Exercise description: Print nothing but the lines below starting at the line that holds "Longboat Key Vacation" and ending at the line that holds "Apartamento para alugar", including both, each exactly as written.

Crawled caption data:
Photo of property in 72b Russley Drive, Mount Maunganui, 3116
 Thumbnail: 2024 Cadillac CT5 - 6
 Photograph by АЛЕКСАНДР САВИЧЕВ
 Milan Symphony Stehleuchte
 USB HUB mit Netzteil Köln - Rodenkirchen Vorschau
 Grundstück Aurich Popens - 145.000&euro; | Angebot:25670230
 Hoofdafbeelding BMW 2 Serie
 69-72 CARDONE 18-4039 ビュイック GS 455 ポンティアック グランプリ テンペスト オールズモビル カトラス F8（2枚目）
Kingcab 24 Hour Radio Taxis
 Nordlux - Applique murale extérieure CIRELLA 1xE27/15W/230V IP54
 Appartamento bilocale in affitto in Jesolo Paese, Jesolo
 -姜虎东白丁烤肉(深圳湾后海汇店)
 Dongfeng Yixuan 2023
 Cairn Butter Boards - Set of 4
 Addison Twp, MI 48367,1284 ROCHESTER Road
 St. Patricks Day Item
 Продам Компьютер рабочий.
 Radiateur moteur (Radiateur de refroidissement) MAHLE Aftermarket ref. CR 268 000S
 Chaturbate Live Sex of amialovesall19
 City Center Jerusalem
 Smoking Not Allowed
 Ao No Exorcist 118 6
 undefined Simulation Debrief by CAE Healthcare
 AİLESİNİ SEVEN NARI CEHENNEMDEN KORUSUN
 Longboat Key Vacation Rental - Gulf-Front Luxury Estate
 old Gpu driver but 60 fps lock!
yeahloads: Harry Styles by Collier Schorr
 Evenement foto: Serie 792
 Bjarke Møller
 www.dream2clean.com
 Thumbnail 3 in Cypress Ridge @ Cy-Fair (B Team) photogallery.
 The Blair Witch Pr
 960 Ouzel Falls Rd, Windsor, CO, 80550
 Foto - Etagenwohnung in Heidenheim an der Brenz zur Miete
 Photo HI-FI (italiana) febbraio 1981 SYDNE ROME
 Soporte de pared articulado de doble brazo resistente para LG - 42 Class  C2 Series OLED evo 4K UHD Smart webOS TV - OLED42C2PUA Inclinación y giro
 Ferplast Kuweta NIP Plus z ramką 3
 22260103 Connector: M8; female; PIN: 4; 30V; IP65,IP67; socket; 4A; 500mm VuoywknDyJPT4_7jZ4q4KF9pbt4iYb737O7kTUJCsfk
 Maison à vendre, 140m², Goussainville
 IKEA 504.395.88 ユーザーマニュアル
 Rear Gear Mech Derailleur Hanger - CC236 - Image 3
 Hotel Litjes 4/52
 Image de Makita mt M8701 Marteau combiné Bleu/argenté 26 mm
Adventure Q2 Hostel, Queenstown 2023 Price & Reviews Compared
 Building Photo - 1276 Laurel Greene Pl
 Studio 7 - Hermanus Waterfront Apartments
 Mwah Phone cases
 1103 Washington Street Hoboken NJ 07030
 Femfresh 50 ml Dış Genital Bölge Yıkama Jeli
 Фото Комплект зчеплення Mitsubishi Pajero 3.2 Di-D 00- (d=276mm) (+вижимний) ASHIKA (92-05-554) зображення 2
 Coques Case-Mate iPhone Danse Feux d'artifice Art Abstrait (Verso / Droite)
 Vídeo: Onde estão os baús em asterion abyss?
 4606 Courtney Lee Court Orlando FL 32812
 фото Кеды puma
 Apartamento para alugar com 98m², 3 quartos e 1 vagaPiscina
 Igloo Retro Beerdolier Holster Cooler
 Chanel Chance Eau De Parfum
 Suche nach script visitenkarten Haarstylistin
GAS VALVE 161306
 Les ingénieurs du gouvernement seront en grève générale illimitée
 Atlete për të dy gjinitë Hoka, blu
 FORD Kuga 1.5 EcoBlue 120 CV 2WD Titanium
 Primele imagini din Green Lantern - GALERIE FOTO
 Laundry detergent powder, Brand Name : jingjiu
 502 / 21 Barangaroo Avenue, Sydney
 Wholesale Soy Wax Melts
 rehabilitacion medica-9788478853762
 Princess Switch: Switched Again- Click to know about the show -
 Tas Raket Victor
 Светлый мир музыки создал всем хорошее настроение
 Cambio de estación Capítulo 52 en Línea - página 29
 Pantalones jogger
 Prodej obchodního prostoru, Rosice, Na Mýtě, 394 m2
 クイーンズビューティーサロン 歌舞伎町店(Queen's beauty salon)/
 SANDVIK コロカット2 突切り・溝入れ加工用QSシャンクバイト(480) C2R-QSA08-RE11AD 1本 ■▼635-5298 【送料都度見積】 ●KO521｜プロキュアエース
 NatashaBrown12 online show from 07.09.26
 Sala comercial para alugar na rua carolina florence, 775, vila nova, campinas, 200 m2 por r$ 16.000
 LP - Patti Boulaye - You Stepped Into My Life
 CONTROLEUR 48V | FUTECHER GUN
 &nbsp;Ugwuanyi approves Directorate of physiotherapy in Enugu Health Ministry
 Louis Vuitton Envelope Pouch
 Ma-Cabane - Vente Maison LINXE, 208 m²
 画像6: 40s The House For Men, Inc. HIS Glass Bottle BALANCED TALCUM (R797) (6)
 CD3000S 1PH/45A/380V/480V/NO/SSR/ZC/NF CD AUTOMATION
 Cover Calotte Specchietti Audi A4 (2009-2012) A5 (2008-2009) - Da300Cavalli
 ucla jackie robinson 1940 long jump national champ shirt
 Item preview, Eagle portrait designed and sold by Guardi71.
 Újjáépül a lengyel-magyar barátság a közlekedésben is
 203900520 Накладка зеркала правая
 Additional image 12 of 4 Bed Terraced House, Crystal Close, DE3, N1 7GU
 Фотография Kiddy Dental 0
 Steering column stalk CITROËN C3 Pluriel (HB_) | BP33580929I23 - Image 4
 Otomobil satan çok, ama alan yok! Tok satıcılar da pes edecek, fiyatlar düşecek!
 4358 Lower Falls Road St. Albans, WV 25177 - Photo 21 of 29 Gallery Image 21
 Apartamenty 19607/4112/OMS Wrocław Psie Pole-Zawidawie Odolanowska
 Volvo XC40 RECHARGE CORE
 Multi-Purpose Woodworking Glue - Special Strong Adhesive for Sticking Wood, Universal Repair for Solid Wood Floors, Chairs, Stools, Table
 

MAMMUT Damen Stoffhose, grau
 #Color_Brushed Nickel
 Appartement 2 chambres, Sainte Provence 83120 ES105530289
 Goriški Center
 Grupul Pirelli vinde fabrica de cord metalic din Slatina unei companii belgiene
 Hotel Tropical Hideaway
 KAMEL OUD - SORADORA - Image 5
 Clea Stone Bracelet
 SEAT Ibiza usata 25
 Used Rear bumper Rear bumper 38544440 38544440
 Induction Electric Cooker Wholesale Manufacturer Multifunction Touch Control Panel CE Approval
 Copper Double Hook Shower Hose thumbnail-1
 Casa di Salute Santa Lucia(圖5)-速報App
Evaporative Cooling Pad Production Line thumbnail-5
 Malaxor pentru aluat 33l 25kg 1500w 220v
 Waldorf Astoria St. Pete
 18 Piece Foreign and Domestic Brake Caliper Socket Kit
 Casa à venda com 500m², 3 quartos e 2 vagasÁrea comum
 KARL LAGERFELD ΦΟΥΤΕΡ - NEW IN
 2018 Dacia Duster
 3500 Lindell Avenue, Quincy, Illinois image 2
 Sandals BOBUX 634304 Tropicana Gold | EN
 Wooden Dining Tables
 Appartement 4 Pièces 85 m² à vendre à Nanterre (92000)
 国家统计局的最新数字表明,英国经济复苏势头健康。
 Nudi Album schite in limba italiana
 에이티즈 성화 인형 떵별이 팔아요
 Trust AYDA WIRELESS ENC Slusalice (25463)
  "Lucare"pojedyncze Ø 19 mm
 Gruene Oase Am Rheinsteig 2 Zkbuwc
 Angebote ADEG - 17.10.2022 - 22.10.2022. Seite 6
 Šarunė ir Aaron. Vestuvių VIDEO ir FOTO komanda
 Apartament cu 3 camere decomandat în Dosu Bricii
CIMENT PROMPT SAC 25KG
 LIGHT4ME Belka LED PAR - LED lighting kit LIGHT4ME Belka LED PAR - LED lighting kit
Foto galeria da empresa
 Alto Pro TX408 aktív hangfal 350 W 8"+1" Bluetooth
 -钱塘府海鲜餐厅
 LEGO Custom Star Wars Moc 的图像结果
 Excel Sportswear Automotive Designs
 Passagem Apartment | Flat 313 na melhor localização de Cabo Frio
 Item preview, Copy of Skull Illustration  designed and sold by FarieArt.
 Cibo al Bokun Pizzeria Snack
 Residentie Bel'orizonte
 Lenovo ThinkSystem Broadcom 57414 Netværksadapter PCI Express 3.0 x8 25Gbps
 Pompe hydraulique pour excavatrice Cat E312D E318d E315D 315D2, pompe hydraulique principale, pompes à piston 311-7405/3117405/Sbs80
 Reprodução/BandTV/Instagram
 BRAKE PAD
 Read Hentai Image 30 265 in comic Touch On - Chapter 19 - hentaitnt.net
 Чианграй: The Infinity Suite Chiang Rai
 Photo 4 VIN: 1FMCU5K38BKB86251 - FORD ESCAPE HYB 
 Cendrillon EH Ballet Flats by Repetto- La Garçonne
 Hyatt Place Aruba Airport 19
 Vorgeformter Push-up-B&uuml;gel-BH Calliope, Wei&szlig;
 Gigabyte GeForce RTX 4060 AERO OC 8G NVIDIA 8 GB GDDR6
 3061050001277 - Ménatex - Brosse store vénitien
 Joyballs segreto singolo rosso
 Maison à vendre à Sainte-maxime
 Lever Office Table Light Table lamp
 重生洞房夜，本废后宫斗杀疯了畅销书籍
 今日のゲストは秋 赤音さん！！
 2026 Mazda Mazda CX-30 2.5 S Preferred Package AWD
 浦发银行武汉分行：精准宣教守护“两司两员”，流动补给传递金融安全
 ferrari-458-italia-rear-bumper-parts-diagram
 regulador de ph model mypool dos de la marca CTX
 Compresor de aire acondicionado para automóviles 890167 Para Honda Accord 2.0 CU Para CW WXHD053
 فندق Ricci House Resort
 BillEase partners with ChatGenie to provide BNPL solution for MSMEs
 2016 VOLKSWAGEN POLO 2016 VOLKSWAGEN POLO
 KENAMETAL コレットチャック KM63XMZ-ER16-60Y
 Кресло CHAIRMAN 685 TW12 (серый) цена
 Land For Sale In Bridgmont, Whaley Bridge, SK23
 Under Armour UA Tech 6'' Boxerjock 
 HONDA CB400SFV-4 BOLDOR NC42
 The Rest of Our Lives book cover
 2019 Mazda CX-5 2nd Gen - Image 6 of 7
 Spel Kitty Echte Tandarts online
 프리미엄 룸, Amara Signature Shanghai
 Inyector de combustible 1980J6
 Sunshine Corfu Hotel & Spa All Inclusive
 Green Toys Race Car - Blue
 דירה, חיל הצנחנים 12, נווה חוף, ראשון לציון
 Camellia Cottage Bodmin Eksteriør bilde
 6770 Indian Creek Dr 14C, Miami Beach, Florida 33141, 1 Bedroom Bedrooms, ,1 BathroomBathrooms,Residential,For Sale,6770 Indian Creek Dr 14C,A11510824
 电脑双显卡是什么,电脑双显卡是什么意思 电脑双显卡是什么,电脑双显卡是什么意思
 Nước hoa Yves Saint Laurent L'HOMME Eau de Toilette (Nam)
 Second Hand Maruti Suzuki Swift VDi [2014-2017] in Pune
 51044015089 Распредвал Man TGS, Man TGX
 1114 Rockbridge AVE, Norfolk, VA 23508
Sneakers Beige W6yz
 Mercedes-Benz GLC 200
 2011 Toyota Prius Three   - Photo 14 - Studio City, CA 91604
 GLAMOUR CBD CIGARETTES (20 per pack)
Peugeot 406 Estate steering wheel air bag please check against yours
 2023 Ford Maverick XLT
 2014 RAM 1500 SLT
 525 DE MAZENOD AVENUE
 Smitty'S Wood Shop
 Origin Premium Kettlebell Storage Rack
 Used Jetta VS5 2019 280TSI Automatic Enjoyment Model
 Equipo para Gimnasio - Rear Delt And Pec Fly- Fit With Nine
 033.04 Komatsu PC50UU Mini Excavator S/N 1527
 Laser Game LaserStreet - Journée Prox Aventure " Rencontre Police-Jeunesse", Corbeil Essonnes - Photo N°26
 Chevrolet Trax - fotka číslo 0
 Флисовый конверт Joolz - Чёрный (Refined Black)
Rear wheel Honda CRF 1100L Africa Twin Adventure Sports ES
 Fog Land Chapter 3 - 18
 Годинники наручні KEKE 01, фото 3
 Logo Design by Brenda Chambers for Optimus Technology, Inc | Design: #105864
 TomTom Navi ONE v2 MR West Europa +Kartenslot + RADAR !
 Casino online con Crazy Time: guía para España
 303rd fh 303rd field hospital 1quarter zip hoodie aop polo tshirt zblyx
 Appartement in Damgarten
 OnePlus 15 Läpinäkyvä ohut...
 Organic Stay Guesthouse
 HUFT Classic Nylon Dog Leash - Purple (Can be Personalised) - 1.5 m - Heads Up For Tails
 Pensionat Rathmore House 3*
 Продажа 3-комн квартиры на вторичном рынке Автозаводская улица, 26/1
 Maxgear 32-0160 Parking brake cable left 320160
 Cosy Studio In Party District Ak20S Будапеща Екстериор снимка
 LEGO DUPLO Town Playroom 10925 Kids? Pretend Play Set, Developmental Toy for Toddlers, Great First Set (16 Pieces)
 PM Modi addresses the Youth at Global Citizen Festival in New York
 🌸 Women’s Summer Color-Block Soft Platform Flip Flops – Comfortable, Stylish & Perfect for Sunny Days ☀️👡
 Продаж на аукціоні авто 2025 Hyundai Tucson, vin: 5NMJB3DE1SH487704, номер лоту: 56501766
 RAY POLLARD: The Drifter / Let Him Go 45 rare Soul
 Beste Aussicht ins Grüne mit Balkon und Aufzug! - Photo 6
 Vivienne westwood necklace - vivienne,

Exercise response:
 Longboat Key Vacation Rental - Gulf-Front Luxury Estate
 old Gpu driver but 60 fps lock!
yeahloads: Harry Styles by Collier Schorr
 Evenement foto: Serie 792
 Bjarke Møller
 www.dream2clean.com
 Thumbnail 3 in Cypress Ridge @ Cy-Fair (B Team) photogallery.
 The Blair Witch Pr
 960 Ouzel Falls Rd, Windsor, CO, 80550
 Foto - Etagenwohnung in Heidenheim an der Brenz zur Miete
 Photo HI-FI (italiana) febbraio 1981 SYDNE ROME
 Soporte de pared articulado de doble brazo resistente para LG - 42 Class  C2 Series OLED evo 4K UHD Smart webOS TV - OLED42C2PUA Inclinación y giro
 Ferplast Kuweta NIP Plus z ramką 3
 22260103 Connector: M8; female; PIN: 4; 30V; IP65,IP67; socket; 4A; 500mm VuoywknDyJPT4_7jZ4q4KF9pbt4iYb737O7kTUJCsfk
 Maison à vendre, 140m², Goussainville
 IKEA 504.395.88 ユーザーマニュアル
 Rear Gear Mech Derailleur Hanger - CC236 - Image 3
 Hotel Litjes 4/52
 Image de Makita mt M8701 Marteau combiné Bleu/argenté 26 mm
Adventure Q2 Hostel, Queenstown 2023 Price & Reviews Compared
 Building Photo - 1276 Laurel Greene Pl
 Studio 7 - Hermanus Waterfront Apartments
 Mwah Phone cases
 1103 Washington Street Hoboken NJ 07030
 Femfresh 50 ml Dış Genital Bölge Yıkama Jeli
 Фото Комплект зчеплення Mitsubishi Pajero 3.2 Di-D 00- (d=276mm) (+вижимний) ASHIKA (92-05-554) зображення 2
 Coques Case-Mate iPhone Danse Feux d'artifice Art Abstrait (Verso / Droite)
 Vídeo: Onde estão os baús em asterion abyss?
 4606 Courtney Lee Court Orlando FL 32812
 фото Кеды puma
 Apartamento para alugar com 98m², 3 quartos e 1 vagaPiscina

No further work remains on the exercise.